- Given data:

|---|

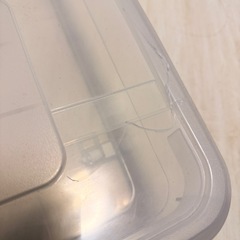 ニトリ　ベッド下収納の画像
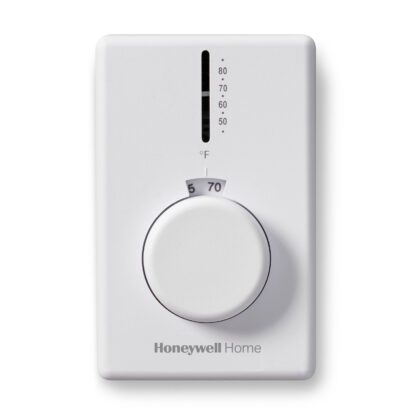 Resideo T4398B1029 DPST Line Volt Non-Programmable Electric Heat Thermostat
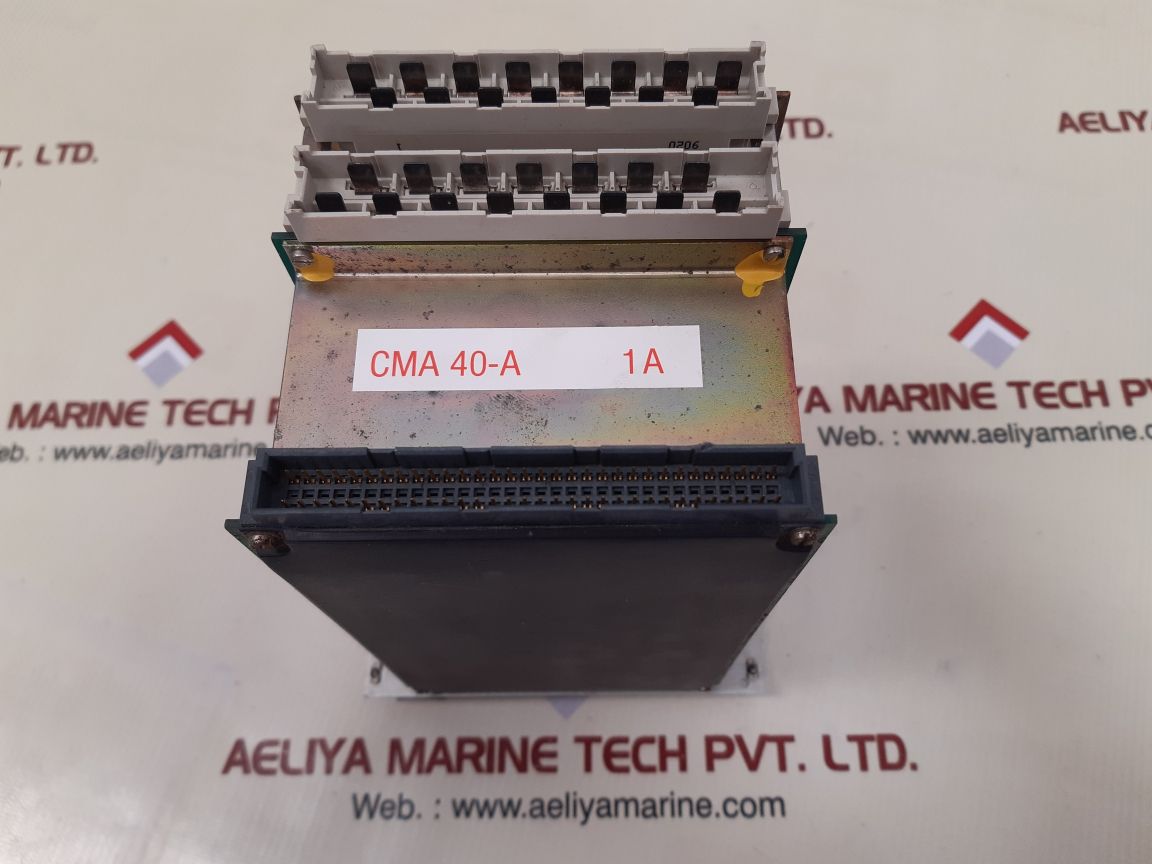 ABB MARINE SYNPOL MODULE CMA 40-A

|---|

- What you are asked to do:
Keep the pictures out while you retype all of the data above exactly as it appears.

- Response below:
 ニトリ　ベッド下収納の画像
 Resideo T4398B1029 DPST Line Volt Non-Programmable Electric Heat Thermostat
 ABB MARINE SYNPOL MODULE CMA 40-A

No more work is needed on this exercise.